## [YOUR INSTRUCTIONS]
Extract the entries in their exact form.

--*--

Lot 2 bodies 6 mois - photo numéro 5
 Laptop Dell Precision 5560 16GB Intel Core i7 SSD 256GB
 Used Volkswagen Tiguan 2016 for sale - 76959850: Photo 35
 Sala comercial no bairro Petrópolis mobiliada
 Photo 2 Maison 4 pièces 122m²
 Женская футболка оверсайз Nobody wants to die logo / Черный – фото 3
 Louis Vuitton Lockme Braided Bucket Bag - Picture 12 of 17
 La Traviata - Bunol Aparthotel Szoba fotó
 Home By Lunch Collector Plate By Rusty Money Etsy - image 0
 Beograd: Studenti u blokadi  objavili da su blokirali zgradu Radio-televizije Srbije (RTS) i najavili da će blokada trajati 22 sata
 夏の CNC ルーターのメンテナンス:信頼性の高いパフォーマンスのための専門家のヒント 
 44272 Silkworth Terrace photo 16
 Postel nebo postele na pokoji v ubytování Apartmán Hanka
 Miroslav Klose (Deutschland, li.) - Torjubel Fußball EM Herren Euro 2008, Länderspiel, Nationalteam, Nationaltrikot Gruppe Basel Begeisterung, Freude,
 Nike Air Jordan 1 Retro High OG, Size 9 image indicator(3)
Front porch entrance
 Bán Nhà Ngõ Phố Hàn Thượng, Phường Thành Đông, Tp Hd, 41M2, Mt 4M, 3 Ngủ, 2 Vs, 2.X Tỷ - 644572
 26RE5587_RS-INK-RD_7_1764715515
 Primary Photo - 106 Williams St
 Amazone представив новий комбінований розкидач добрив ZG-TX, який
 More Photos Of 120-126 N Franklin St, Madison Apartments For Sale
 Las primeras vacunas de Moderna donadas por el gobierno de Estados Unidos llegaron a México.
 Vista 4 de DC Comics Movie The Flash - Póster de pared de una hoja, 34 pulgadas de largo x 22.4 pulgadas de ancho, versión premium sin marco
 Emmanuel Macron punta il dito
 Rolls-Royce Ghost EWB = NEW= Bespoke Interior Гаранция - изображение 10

--*--

## [EXERCISE RESULT]
Lot 2 bodies 6 mois - photo numéro 5
 Laptop Dell Precision 5560 16GB Intel Core i7 SSD 256GB
 Used Volkswagen Tiguan 2016 for sale - 76959850: Photo 35
 Sala comercial no bairro Petrópolis mobiliada
 Photo 2 Maison 4 pièces 122m²
 Женская футболка оверсайз Nobody wants to die logo / Черный – фото 3
 Louis Vuitton Lockme Braided Bucket Bag - Picture 12 of 17
 La Traviata - Bunol Aparthotel Szoba fotó
 Home By Lunch Collector Plate By Rusty Money Etsy - image 0
 Beograd: Studenti u blokadi  objavili da su blokirali zgradu Radio-televizije Srbije (RTS) i najavili da će blokada trajati 22 sata
 夏の CNC ルーターのメンテナンス:信頼性の高いパフォーマンスのための専門家のヒント 
 44272 Silkworth Terrace photo 16
 Postel nebo postele na pokoji v ubytování Apartmán Hanka
 Miroslav Klose (Deutschland, li.) - Torjubel Fußball EM Herren Euro 2008, Länderspiel, Nationalteam, Nationaltrikot Gruppe Basel Begeisterung, Freude,
 Nike Air Jordan 1 Retro High OG, Size 9 image indicator(3)
Front porch entrance
 Bán Nhà Ngõ Phố Hàn Thượng, Phường Thành Đông, Tp Hd, 41M2, Mt 4M, 3 Ngủ, 2 Vs, 2.X Tỷ - 644572
 26RE5587_RS-INK-RD_7_1764715515
 Primary Photo - 106 Williams St
 Amazone представив новий комбінований розкидач добрив ZG-TX, який
 More Photos Of 120-126 N Franklin St, Madison Apartments For Sale
 Las primeras vacunas de Moderna donadas por el gobierno de Estados Unidos llegaron a México.
 Vista 4 de DC Comics Movie The Flash - Póster de pared de una hoja, 34 pulgadas de largo x 22.4 pulgadas de ancho, versión premium sin marco
 Emmanuel Macron punta il dito
 Rolls-Royce Ghost EWB = NEW= Bespoke Interior Гаранция - изображение 10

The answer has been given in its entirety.